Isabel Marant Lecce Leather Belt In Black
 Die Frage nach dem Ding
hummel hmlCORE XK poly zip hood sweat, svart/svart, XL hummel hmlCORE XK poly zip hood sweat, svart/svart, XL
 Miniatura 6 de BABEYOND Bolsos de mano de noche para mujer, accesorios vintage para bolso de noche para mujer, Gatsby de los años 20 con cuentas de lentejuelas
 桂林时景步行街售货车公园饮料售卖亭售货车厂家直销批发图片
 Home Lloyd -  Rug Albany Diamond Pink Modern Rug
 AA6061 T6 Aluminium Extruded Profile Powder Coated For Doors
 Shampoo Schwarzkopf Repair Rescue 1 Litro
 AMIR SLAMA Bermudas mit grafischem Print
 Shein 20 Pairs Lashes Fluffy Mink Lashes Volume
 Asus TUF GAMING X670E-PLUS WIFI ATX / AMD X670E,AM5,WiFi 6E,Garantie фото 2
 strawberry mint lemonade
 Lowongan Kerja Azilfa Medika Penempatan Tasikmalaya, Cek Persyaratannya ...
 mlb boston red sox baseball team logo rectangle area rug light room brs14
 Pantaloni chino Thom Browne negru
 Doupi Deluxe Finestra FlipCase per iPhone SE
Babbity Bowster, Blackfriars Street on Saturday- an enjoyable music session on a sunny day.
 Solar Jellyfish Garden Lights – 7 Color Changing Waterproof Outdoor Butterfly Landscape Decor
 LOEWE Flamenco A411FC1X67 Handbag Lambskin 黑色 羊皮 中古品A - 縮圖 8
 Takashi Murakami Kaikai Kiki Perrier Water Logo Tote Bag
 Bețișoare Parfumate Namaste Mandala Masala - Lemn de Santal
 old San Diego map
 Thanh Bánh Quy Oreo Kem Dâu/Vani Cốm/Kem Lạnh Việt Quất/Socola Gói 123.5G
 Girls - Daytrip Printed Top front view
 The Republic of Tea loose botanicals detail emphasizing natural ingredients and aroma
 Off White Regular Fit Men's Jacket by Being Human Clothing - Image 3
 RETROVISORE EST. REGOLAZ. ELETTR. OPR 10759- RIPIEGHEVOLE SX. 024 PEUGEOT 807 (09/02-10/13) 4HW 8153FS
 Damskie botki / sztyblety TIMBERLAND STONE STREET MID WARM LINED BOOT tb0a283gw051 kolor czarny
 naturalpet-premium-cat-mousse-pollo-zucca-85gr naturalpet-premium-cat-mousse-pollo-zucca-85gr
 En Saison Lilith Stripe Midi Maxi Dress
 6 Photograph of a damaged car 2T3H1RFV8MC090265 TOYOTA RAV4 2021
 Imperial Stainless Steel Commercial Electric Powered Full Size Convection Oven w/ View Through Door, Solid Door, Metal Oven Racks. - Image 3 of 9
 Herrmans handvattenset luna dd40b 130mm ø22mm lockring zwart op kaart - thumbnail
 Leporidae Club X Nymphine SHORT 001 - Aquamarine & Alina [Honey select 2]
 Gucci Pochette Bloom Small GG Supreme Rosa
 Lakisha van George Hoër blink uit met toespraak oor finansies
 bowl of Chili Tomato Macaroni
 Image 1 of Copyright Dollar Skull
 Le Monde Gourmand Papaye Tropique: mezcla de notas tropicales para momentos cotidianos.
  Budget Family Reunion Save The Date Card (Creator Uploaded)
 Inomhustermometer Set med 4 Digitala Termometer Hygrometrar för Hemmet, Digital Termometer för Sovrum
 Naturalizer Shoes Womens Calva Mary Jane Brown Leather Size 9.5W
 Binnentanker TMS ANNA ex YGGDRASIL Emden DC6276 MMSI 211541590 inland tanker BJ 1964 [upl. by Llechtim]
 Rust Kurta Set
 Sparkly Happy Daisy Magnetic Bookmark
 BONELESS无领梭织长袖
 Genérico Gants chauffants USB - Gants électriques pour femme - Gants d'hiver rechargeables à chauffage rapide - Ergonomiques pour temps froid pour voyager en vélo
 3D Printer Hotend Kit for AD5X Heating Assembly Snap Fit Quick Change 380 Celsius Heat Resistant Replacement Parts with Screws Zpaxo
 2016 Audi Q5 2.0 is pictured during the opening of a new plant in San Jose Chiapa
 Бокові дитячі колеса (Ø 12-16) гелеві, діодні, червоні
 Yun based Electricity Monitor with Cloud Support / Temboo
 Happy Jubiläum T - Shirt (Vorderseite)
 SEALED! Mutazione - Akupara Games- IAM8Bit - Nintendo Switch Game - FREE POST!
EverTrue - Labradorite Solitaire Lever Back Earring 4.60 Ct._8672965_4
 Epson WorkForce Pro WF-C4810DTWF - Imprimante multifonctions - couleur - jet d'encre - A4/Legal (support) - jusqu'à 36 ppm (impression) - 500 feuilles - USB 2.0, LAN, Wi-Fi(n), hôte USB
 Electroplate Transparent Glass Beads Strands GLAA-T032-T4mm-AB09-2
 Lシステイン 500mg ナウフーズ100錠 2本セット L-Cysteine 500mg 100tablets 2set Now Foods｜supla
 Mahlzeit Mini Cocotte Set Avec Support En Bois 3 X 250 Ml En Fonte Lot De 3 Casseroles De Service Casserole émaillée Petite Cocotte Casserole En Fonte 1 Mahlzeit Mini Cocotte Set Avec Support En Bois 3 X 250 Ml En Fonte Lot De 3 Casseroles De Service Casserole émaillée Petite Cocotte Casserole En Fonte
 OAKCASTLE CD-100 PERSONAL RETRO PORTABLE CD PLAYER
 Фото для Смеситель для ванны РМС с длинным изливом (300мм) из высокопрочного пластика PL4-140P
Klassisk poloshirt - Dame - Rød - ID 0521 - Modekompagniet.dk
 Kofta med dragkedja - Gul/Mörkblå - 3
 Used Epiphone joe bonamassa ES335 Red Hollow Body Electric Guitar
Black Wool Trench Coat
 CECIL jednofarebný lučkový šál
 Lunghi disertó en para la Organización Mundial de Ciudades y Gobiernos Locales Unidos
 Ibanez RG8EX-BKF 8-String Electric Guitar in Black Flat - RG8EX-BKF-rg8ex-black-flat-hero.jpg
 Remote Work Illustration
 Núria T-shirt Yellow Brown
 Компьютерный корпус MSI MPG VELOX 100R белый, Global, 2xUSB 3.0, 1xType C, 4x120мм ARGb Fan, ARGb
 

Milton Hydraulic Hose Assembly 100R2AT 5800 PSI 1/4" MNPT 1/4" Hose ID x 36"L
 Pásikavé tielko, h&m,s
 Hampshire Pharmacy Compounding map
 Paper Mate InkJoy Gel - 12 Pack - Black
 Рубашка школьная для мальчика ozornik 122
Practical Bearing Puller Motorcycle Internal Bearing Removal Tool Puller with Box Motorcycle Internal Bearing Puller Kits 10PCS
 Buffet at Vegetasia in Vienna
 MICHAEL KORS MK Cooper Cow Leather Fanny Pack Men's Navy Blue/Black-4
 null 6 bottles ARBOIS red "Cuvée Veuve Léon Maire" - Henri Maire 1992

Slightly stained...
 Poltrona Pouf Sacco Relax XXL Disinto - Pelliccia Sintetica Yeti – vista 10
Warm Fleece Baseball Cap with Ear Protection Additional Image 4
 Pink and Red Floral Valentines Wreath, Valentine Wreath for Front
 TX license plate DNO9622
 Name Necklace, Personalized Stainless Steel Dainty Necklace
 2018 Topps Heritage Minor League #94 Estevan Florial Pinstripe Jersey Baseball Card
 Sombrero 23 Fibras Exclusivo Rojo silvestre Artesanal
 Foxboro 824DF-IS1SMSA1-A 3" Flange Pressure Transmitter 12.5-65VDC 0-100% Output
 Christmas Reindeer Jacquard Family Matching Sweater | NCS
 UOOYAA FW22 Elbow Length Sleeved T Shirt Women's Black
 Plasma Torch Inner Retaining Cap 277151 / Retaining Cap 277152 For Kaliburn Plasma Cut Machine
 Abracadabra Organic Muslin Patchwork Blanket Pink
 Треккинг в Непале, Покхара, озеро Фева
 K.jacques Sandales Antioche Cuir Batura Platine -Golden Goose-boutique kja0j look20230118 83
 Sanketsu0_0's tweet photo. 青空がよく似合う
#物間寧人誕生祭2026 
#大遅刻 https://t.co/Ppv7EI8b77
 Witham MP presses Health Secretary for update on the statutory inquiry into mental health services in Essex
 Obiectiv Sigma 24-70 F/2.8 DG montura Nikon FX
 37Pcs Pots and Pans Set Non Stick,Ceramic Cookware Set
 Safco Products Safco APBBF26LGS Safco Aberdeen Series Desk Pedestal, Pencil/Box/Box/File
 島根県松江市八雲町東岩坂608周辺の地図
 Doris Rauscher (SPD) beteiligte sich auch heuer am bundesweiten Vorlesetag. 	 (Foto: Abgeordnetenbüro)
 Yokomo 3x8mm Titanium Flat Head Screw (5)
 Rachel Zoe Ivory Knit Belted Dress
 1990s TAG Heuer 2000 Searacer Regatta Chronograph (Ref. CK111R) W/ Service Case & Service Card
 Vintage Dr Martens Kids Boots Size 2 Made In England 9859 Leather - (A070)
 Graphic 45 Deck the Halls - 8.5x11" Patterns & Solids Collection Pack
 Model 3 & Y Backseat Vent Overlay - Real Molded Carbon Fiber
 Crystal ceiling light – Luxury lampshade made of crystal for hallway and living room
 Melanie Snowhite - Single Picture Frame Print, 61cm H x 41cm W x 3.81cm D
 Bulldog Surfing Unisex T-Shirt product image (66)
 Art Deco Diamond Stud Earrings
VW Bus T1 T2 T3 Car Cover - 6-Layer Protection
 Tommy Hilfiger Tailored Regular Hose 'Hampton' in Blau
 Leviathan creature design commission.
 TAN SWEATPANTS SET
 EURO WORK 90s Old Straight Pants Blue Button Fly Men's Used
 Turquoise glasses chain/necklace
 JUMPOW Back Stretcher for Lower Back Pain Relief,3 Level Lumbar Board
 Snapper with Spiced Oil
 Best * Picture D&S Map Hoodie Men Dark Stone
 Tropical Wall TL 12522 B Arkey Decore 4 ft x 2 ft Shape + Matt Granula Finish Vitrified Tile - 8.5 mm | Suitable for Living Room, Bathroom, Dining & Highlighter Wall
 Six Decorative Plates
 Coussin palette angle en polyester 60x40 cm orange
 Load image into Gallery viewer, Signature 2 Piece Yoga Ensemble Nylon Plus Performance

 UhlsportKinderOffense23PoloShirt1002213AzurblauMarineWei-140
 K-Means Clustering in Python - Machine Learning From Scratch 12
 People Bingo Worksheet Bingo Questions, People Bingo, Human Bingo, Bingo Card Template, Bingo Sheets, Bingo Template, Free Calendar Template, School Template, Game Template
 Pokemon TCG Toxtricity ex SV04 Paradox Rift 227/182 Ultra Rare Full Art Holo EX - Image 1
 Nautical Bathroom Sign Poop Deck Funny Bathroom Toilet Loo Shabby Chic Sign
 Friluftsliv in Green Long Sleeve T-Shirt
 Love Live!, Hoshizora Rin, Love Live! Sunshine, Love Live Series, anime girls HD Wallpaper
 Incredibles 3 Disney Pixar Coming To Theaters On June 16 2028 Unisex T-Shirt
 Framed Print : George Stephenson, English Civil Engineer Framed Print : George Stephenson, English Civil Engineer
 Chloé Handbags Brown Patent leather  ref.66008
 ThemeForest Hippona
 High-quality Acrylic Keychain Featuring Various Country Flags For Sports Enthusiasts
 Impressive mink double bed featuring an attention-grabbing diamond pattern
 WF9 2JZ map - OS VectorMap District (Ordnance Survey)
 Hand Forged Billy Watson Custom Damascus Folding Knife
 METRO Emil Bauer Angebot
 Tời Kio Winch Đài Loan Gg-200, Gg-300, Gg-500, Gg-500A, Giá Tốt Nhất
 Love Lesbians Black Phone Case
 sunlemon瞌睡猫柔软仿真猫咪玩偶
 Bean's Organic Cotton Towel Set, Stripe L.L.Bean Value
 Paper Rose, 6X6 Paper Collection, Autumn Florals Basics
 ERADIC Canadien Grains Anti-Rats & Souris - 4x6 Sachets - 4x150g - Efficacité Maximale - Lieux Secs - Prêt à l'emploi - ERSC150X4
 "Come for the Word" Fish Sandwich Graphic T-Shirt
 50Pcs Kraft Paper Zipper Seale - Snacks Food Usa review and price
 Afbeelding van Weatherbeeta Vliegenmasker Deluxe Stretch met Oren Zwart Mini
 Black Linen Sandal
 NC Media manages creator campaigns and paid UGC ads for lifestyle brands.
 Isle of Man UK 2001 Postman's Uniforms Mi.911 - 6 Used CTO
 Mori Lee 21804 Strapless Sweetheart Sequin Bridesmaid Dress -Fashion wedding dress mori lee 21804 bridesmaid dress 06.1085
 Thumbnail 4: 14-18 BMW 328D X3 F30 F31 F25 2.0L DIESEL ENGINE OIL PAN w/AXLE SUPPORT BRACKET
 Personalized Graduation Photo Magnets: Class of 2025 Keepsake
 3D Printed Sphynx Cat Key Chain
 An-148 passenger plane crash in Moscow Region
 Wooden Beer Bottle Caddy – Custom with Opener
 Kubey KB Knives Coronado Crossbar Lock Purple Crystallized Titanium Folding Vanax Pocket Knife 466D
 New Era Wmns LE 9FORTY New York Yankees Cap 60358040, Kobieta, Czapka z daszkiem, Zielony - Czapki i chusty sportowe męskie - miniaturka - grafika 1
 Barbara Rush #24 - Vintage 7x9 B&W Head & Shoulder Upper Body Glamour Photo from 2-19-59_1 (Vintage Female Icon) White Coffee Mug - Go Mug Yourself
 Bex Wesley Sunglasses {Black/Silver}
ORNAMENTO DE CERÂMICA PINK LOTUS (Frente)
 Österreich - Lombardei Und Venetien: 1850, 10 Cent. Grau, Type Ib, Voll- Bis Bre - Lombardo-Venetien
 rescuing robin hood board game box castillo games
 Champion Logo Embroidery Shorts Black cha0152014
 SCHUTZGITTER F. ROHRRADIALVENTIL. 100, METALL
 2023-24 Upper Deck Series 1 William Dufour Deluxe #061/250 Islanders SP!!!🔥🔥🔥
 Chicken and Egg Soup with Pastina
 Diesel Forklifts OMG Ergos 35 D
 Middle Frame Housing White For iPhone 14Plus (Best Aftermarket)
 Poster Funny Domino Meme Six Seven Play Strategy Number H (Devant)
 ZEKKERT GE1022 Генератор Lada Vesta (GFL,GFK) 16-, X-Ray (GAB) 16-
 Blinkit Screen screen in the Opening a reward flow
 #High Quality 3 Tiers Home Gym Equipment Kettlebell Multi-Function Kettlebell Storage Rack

--*--

- [Work to complete]
Report every line containing the string "Human" in the material.

- [Exercise answer]
 Off White Regular Fit Men's Jacket by Being Human Clothing - Image 3
 People Bingo Worksheet Bingo Questions, People Bingo, Human Bingo, Bingo Card Template, Bingo Sheets, Bingo Template, Free Calendar Template, School Template, Game Template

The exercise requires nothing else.